The Bridge of Catzad-Dum is an Eamon adventure written by Nathan Segerlind and released in September 1988, adapted from a story of the same name by Mark E. Rogers in his book The Adventures of Samurai Cat (1984). The story parodies the dwarven kingdom of Moria from J.R.R. Tolkien's The Fellowship of the Ring, with the dwarves and orcs replaced by cats and "porks" (pigs).

Background

Samurai Cat began as a series of paintings and illustrations made in the 1970s by American artist Mark E. Rogers (19 April 1952–2 February 2014) meant to spoof martial arts films and fantasy stories. Rogers decided in the early 1980s to write some short stories to fit his paintings, and in 1984 published the first five as The Adventures of Samurai Cat, a collection that included "The Bridge of Catzad-Dum", an anachronistic satire of a portion of J. R. R. Tolkien's fantasy novel The Fellowship of the Ring.
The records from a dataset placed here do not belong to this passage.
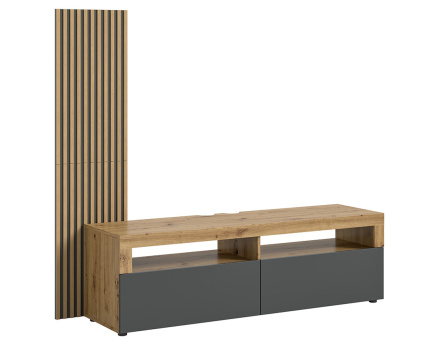 Meuble TV bois et gris 160 cm Brentford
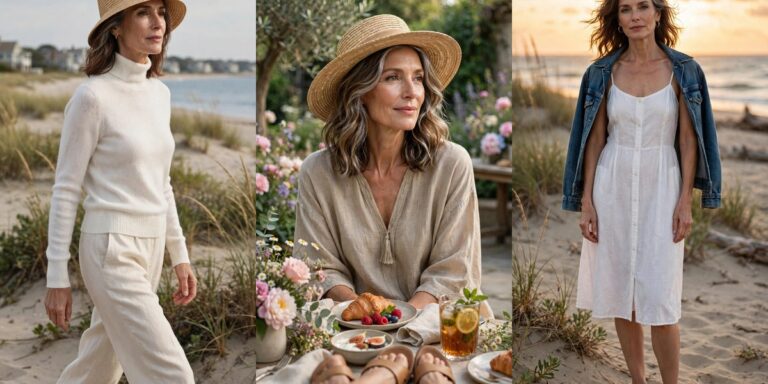 Something's Gotta Give outfits — 19 cozy coastal looks collage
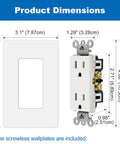 Product dimensions of Decorator Receptacle Outlet With Mid-Size Screwless Wall Plate, 15 Amp 125V Standard Outlet, Tamper Resistant, UL Listed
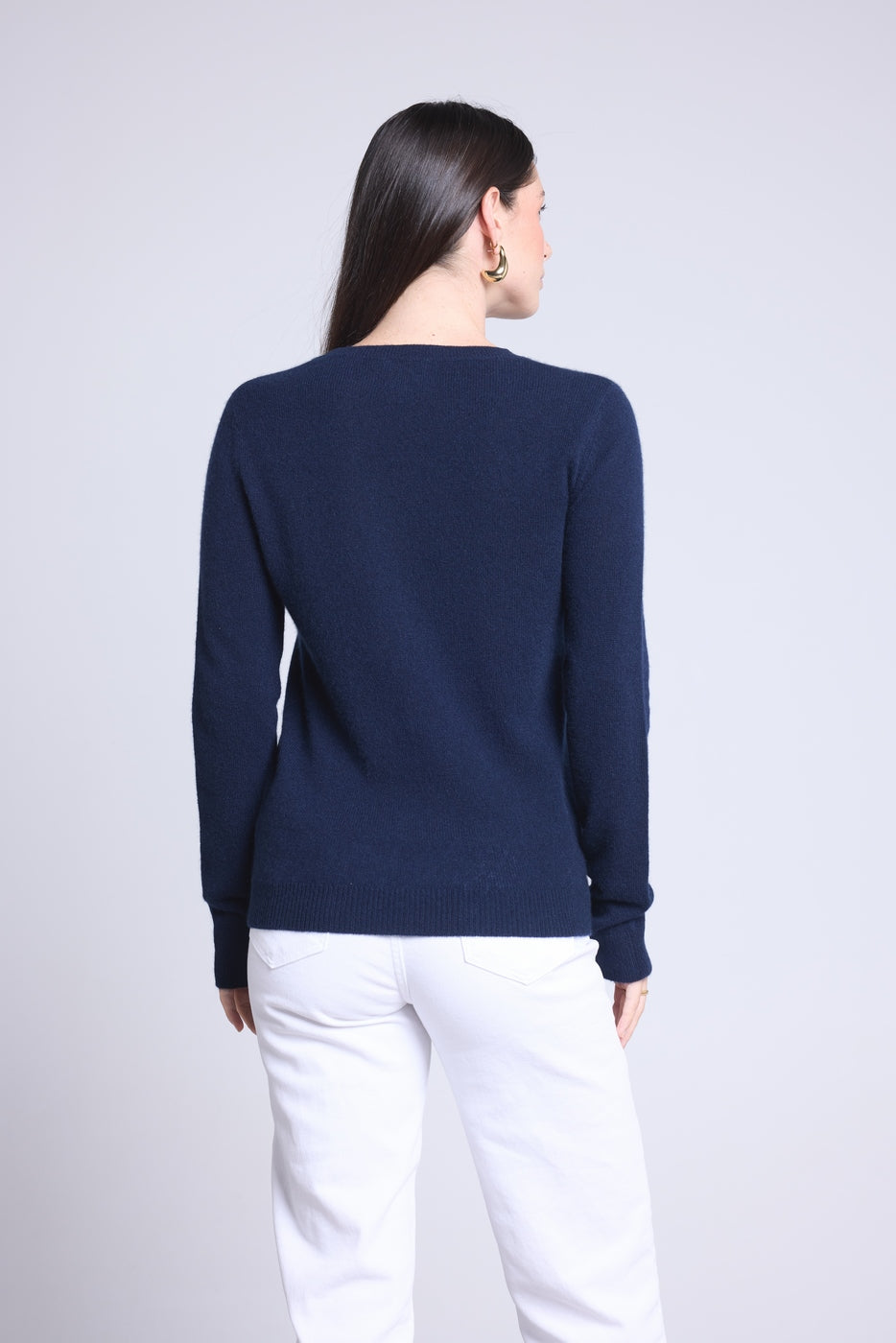 Rundhalspullover Herzstickerei Anubis – Marineblau Weiß – Damen – 100 % Kaschmir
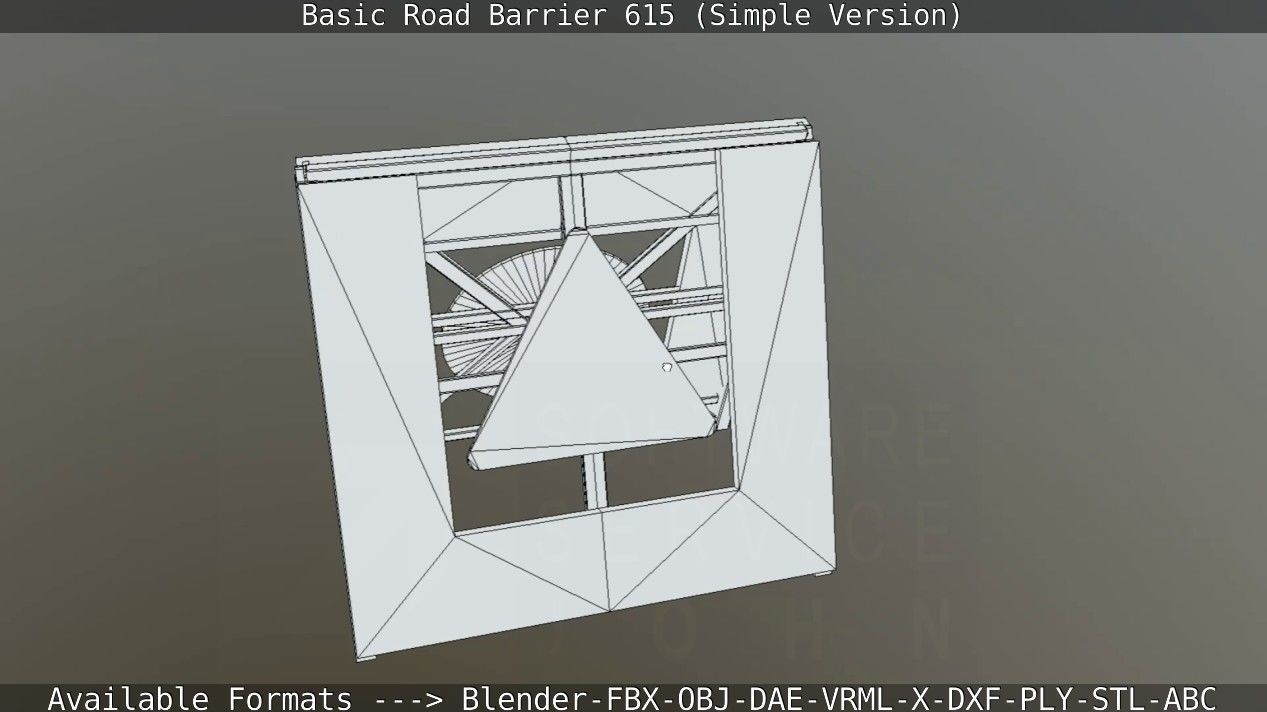 Basic Road Barrier 615 - Simple Version Low-poly 3D model_76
Segerlind's adaptation is very true to Rogers' original story, faithfully reproducing the quest, monsters, weapons, order of encounters, and even the solutions to defeat the final enemies. Tom Zuchowski announced the adventure in the September 1988 issue of the Eamon Adventurer's Guild Newsletter. Segerlind later adapted a second Samurai Cat story, "Against the Gods", and released it as Ragnarok Revisited in July 1989.

Premise

You are a skilled samurai warrior in the service of Tokugawa Nobunaga, a wise and noble shogun who lived in Azuchi Castle in Japan. Nobunaga trained you in the ways of bushido, equipped you with weapons and armor, and taught you how to perform the three secret but devastating Sword Blows of Death: the Deflecting Blow, the Scarlet-Tapeworm, and the Whirling Outboard Motor Propeller Blow. With these you've become Nobunaga's fiercest warrior, nearly invincible in battle.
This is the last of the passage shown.